En outre, la transparence exige une forme d’exhaustivité. Or, les liens de l’EUCEB avec l’industrie des laines minérales ne sont que partiellement évoqués. L’EUCEB omet de préciser sur son site Internet que son adresse physique n’est autre que celle de l’EURopean Insulation Manufacturers Association (EURIMA), l’association professionnelle des fabricants de laines minérales. Toutefois, on leur sera gréé d’avoir des numéros de téléphone distincts…
Car l’EURIMA n’est autre que le lobby des industriels des laines minérales. Fondé en 1950, son but est de défendre les intérêts des fabricants auprès du Parlement européen. Evidemment, son Management Board se compose de représentants des industriels, pour la plupart des cadres de très haut niveau, voire des dirigeants de sociétés membres comme Emmanuel Normant (directeur général d’Isover), Christian Michel (directeur général d’URSA Insulation) ou encore Tony Robson (chief executive officer de Knauf Insulation). Sa présidence est détenue par un spécialiste du lobbying, Pascal Eveillard, directeur « construction durable, affaires publiques et stratégie de communication » d’Isover.
L’EURIMA publie également les noms et postes de son équipe, pour la plupart des spécialistes des relations institutionnelles. Mais là encore la transparence est partielle, notamment en ce qui concerne les parcours de ces individus, et en particulier celui de Jan te Bos, le directeur général. Ce lobbyiste de nationalité néerlandaise a la particularité d’avoir occupé, par le passé, le poste d’advocacy director de PlasticsEurope, une association professionnelle qui défend les intérêts des fabricants de matériaux à base de plastique – dont des fabricants d’isolants en polystyrène – principaux concurrents des laines minérales. Bonjour le mélange des genres…

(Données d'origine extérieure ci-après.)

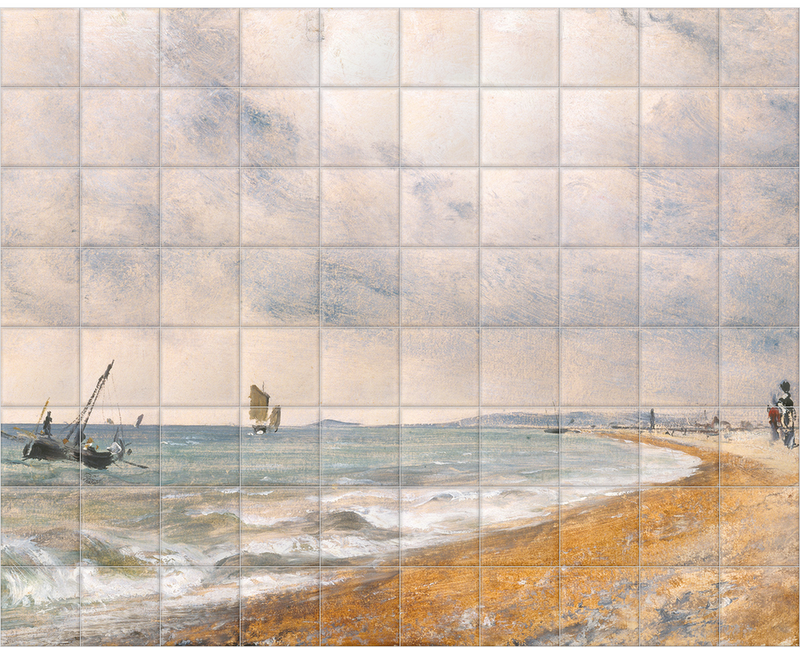 'Hove Beach, with Fishing Boats' Ceramic Tile Mural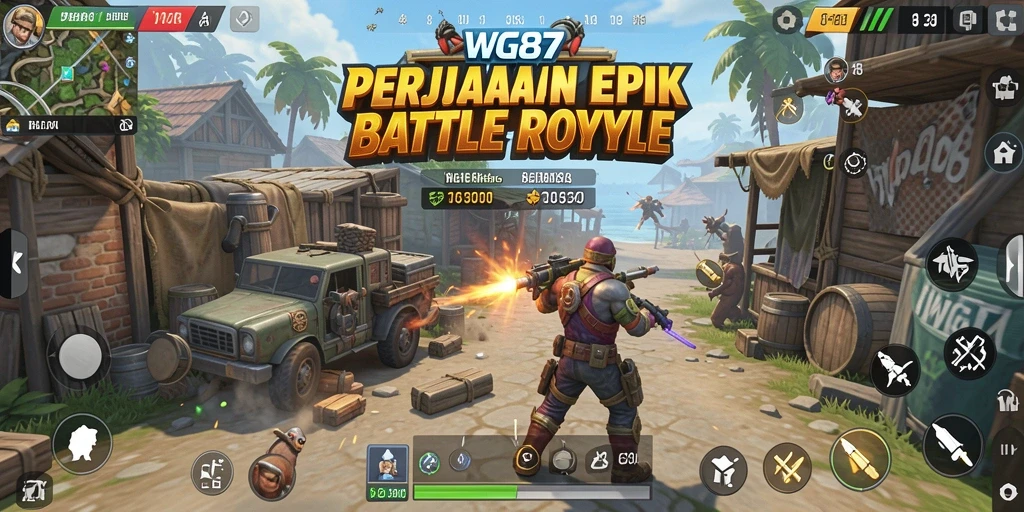 Tampilan gameplay WG87 di arena Battle Royale yang menegangkan.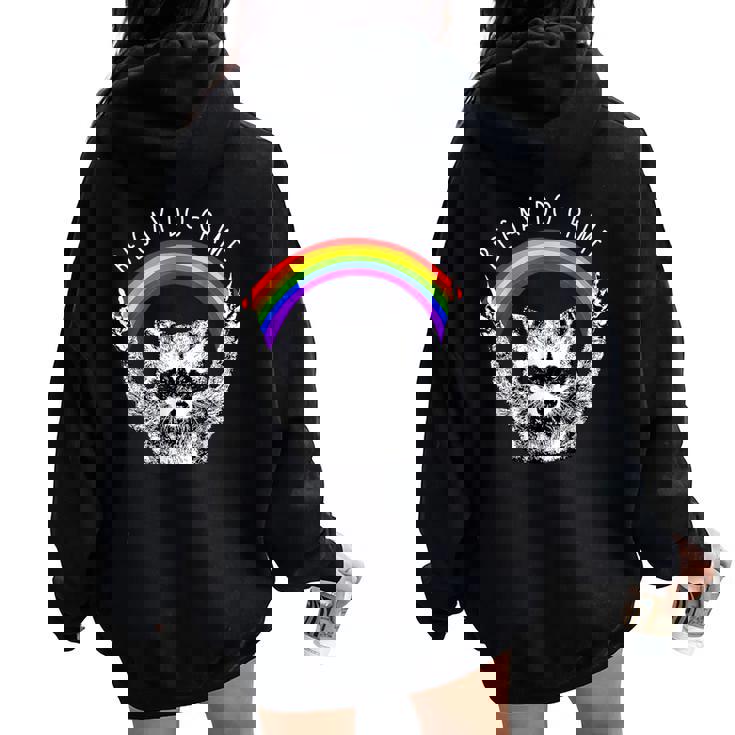 Raccoon Be Gay Do Crime Rainbow LGBTQ Pride Gay Racoon Women Oversized Hoodie Back Print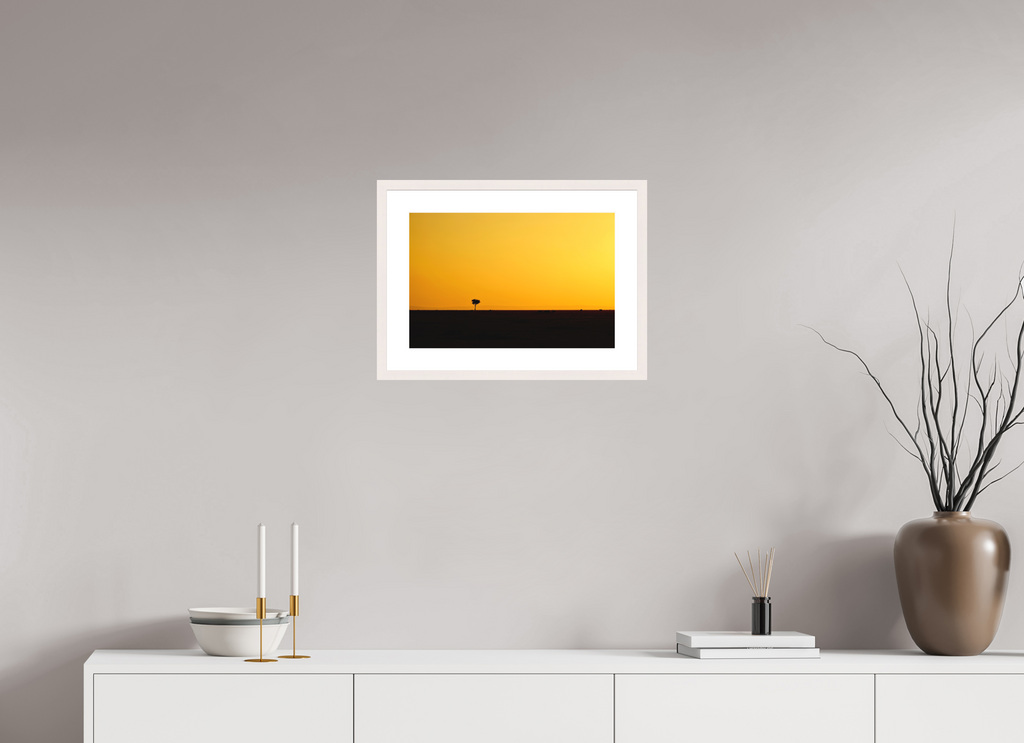 45 x 30 cm, Solid Wood Frame with Passe Partout Golden Sky over the African Savannah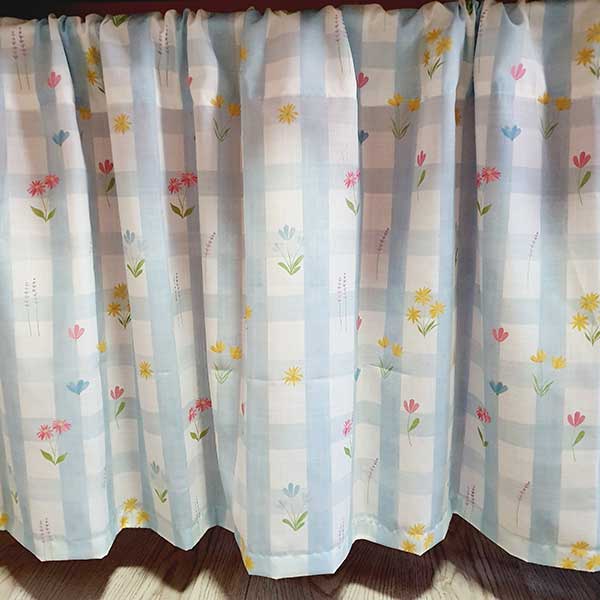 Handmade Blue Checkered & Floral Cotton Slub Curtain – Sheer Kitchen Curtain, Under Sink Curtain, Table Skirt & Half Window Curtain - Image 2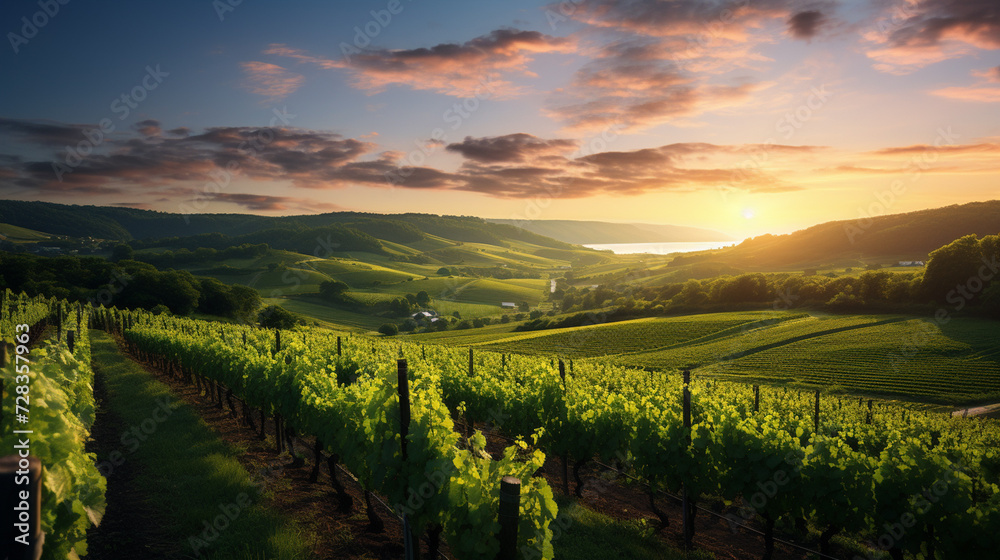 A serene vineyard with rows of grapevines and a peaceful sunset, Peaceful, Vineyard, Ultra Realistic, National Geographic,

De même, la composition de l’équipe de gestion révèle une autre information intéressante. En effet, le profil d’Alain Herssens précise que ce dernier est « coordinator technical committee EUCEB ». Ainsi, cela signifie qu’un cadre de l’EURIMA est spécifiquement chargé de la coordination entre cette dernière et l’EUCEB. Encore une fois, où est l’indépendance annoncée ?
En conséquence, la relation entre l’EURIMA et l’EUCEB pourrait être qualifiée d’incestueuse. Or, à l’heure où la France se décide à poursuivre les responsables du scandale de l’amiante, il est intéressant d’analyser que des montages du type de ce qu’a été le Comité Permanent Amiante (CPA) dans les années 1980 et 1990 continuent d’exister. Ainsi, la soi-disant transparence promue par l’EURIMA et l’EUCEB n’est que trop partielle et partiale. Autant dire une nouvelle forme de manipulation.